Dodatkowo staram się nie palić... wychodzi raz lepiej raz gorzej, ale jakieś efekty są
Cocci... nie ma co... jak znajdziesz jakieś wolne popołudnie to może byśmy na jakieś łyżwy wyskoczyły?
-
Buraczq :P ! Łyżwy - bardzo chętnie ! tylko popołudnie to ja mam na razie tylko w niedziele wolne.... . Na razie inaczej nie będzie przez jakiś czas... . Potem dojdzie piątek chyba albo jakiś inny dzień... . To może rzeczywiście się jakoś zgadamy - . Jak chcesz to Ci podam mój gg i tel. - ? Mailami/postami nie ma szans się dogadać do wiosny...
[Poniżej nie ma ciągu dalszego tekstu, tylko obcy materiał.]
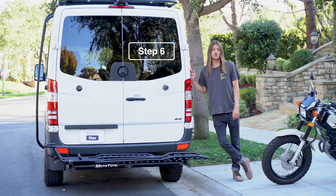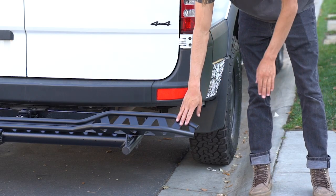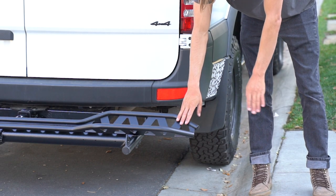In this step, we're going to prepare to load the bike. If you want to make loading a little easier, you can park right off of a curb to reduce the loading ramp's angle.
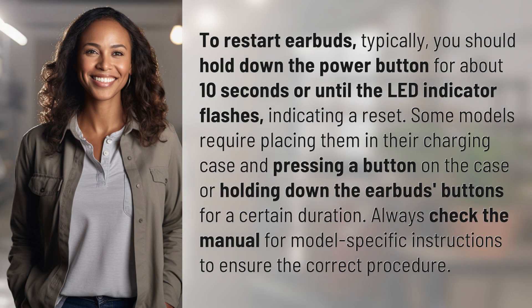To restart earbuds, typically you should hold down the power button for about 10 seconds or until the LED indicator flashes, indicating a reset.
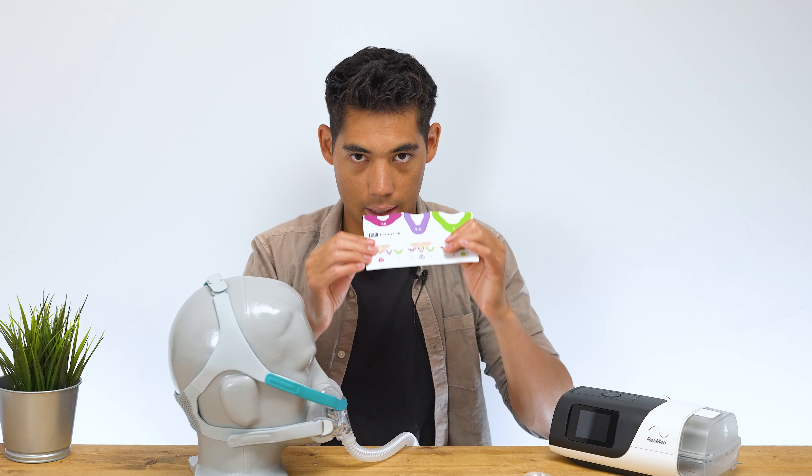That concludes the review of the Evora full face mask. Be sure to do your due diligence — look at reviews and YouTube comments to see whether this mask might be good for you, since everyone has a different head shape and sleeping style. Overall, we do like the mask — it's a really great, solid, secure mask with minimal leakage and quite good comfort. It's not pressing into the side of my face. However, ergonomic usability could have been improved. Make sure to like this video and subscribe.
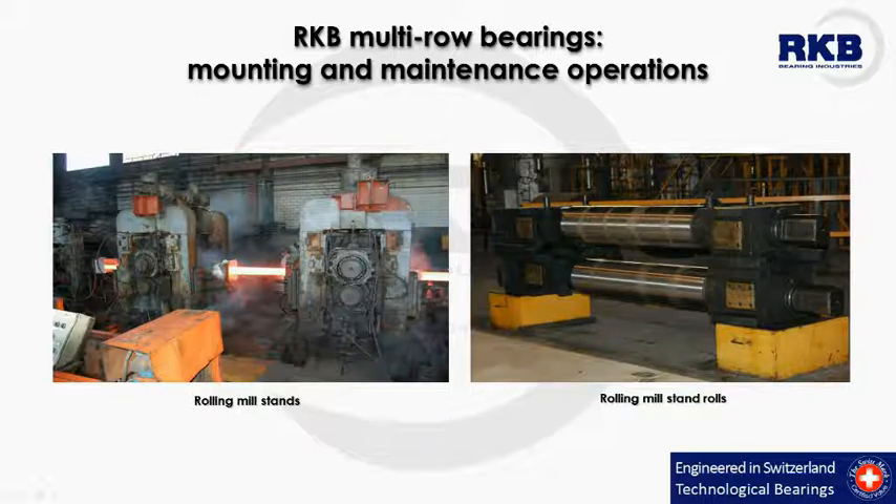Welcome to your new RKB Bearing Industries educational video, where we deal with the mounting and maintenance operations of multi-row bearings. In general, multi-row bearings work on rolling mill machinery where they are used both for the working and backup rolls.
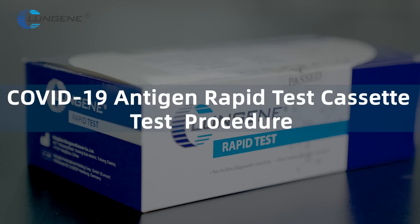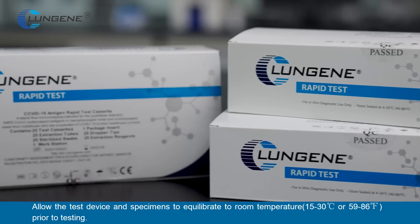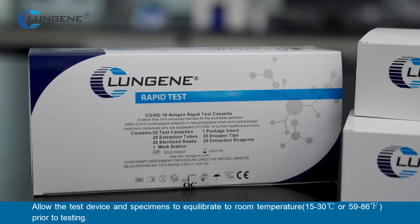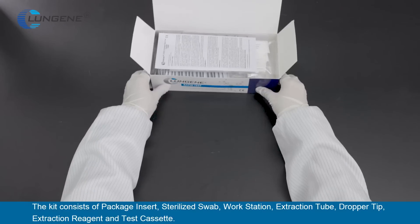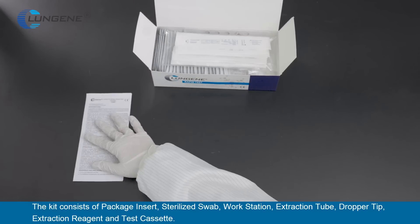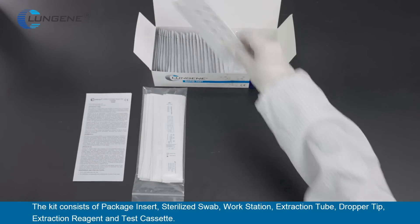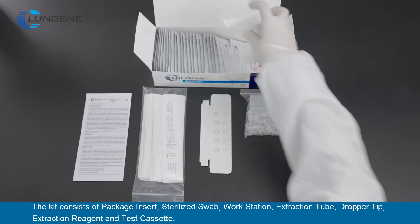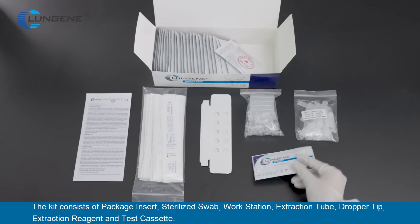COVID-19 Antigen Rapid Test Cassette Test Procedure. Allow the test devices, reagents, and specimens to equilibrate to room temperature prior to testing. The kit consists of a package insert, sterilized swab, workstation, extraction tube, dropper tip, extraction reagent, and test cassette.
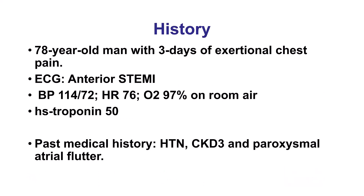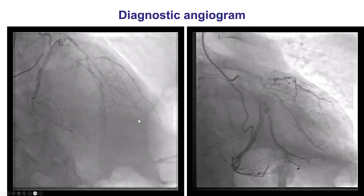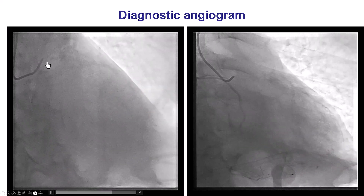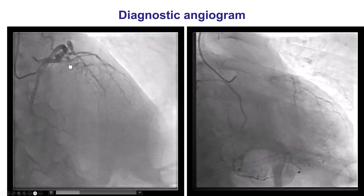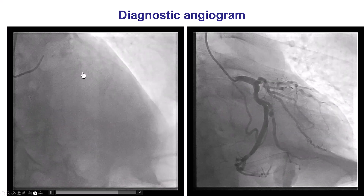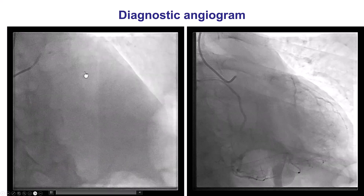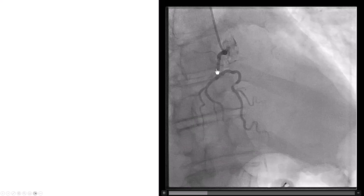The patient presented with anterior STEMI, classic findings and increased troponin, and was sent for emergent coronary angiography and PCI. This is a diagnostic angiogram, which is a little challenging to interpret as there is quite some tortuosity earlier on. There is occlusion of the LAD, with some faint filling of the LAD distally through ipsilateral collaterals. The coronary artery is also providing some epicardial collaterals supplying the distal LAD.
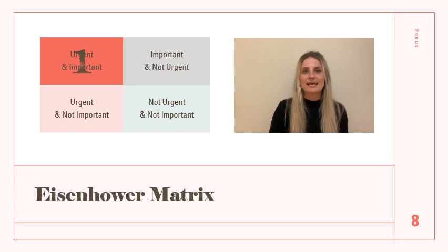Number one: urgent and important. These tasks require immediate action and are crucial to your goals — they should be your top priority. Number two: important but not urgent. These tasks are essential but don't require immediate attention. Allocate time for these tasks to prevent them from becoming urgent in the future.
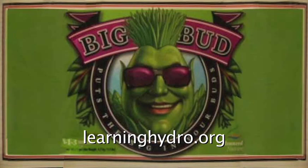Big Bud provides the essential elements that not only aid in the development of buds but are known to increase both their size and their quality for heavier yields that taste great.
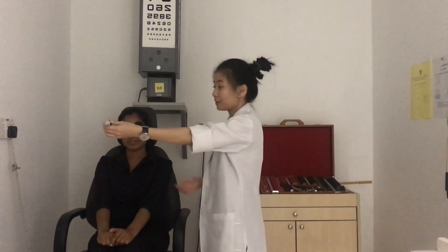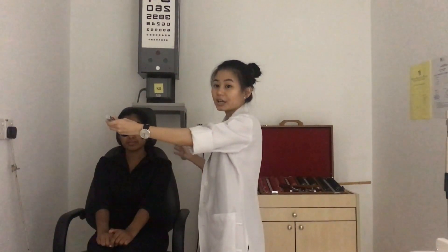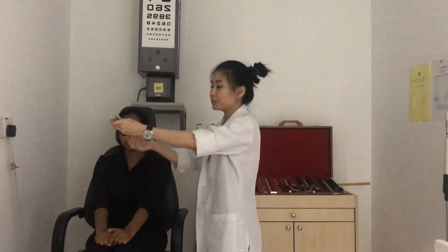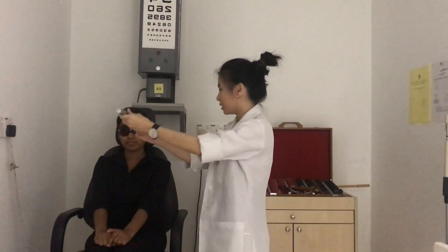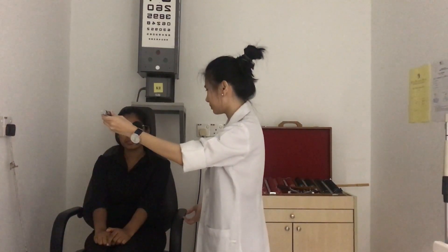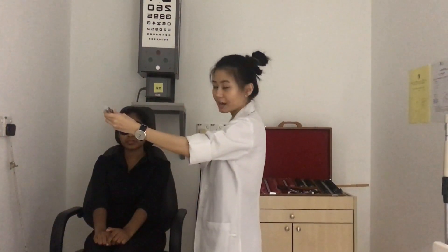For this test we use the Worth 4 Dot flashlight, which is the same as the near Worth 4 Dot task. Place the flashlight at a distance of 40 centimetres in front of the patient's eyes. Ask the patient to inform you if they see a different number of dots as you move the flashlight away from them. Record the distance at which the patient reports seeing a different number of dots.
Brzuszek - przykro mi <przytul>. Moż coś zjadłaś? Wiesz co tomogło być - ? spróbuj się poradzic lekarza, bo powodów może być mnóstwo. u mnie jednym z powodów był problem z dostarczaniem enzymów trzustkowych (chyba wytwarzam tylko nie dochodzą - na razie nie wiadomo dokładnie). Po lekarstwie, które ma w sobie te enzymy jest niebo a ziemia... . Choć dalej są takie rzeczy, że jak je zjem to umieram... . Jeśli to nie wyjątkowa sytuacja tylko stale / często tak masz to spróbuj coś z tym zrobić. możemy pogadac jak się spotkamy.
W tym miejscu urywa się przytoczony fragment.